§ **Exercise details**:
Print a faithful copy of the data below, word for word, with the pictures left out.
── Data excerpt
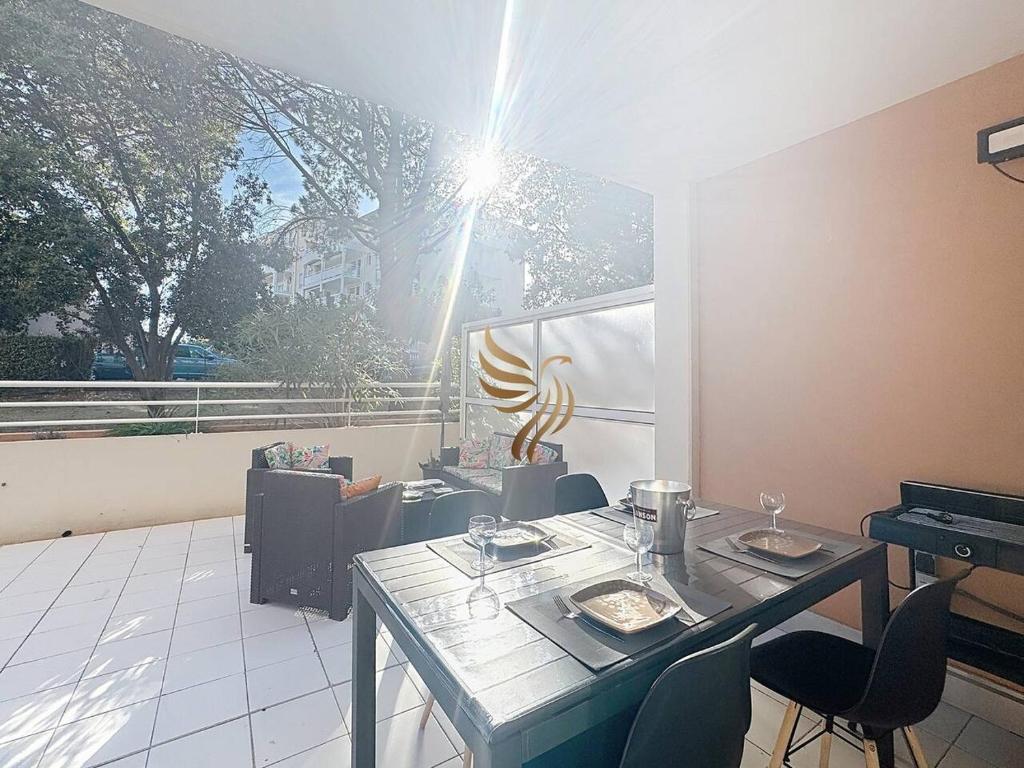 BellaHorizon T2-view of garden-terrace-park-WIFI.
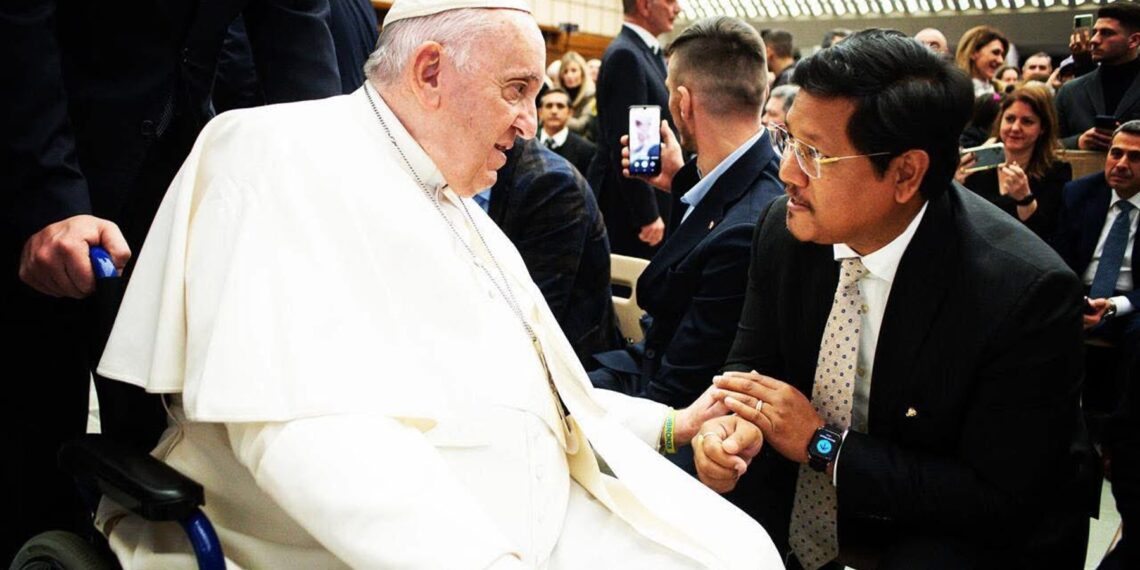 Meghalaya CM shared a photo from his 2022 meeting with Pope Francis (SangmaConrad/X)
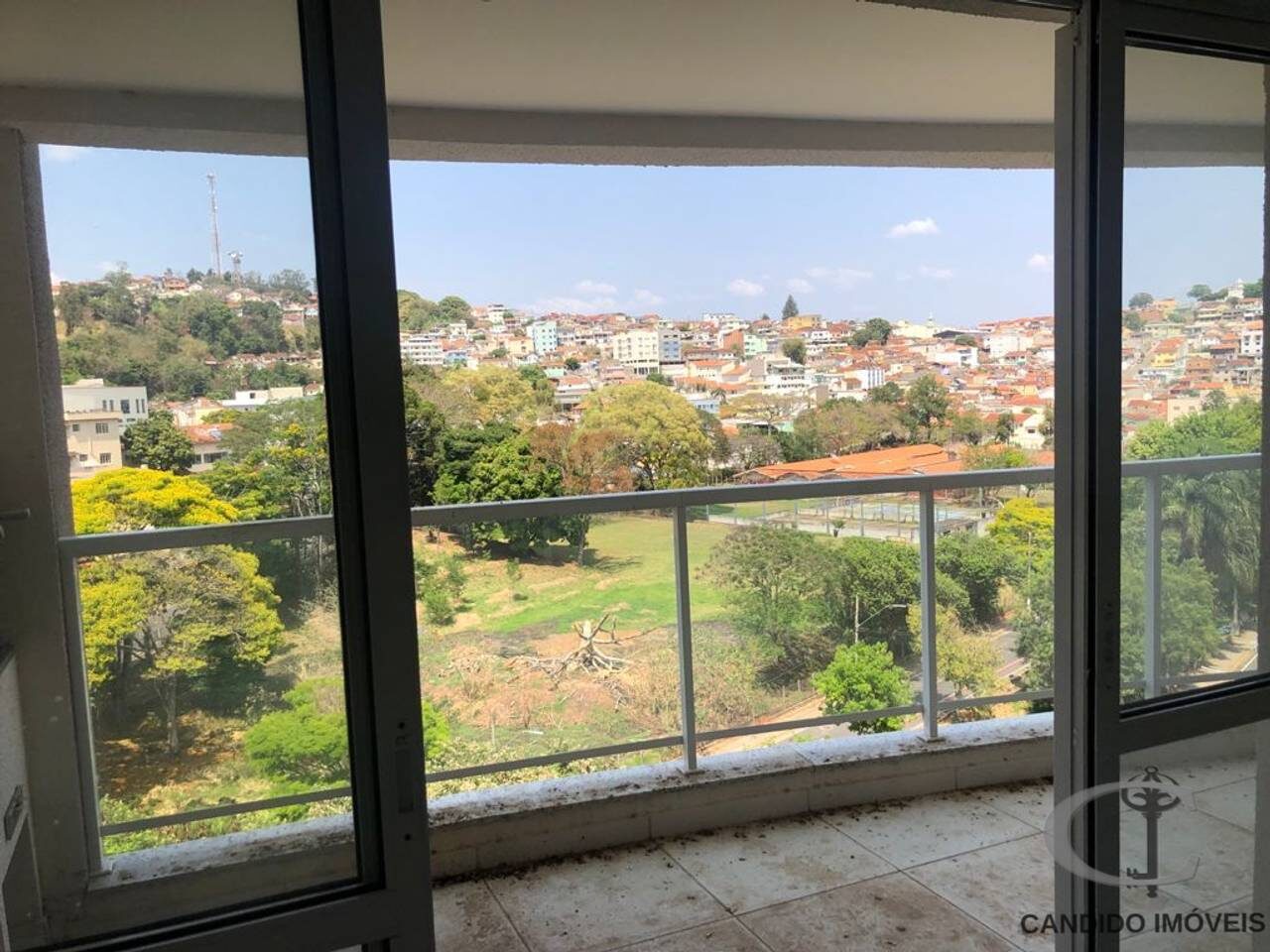 Foto 2 de Apartamento de 3 quartos e 109 m² na Nossa Senhora da Agonia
────
§ **Result for this task**:
 BellaHorizon T2-view of garden-terrace-park-WIFI.
 Meghalaya CM shared a photo from his 2022 meeting with Pope Francis (SangmaConrad/X)
 Foto 2 de Apartamento de 3 quartos e 109 m² na Nossa Senhora da Agonia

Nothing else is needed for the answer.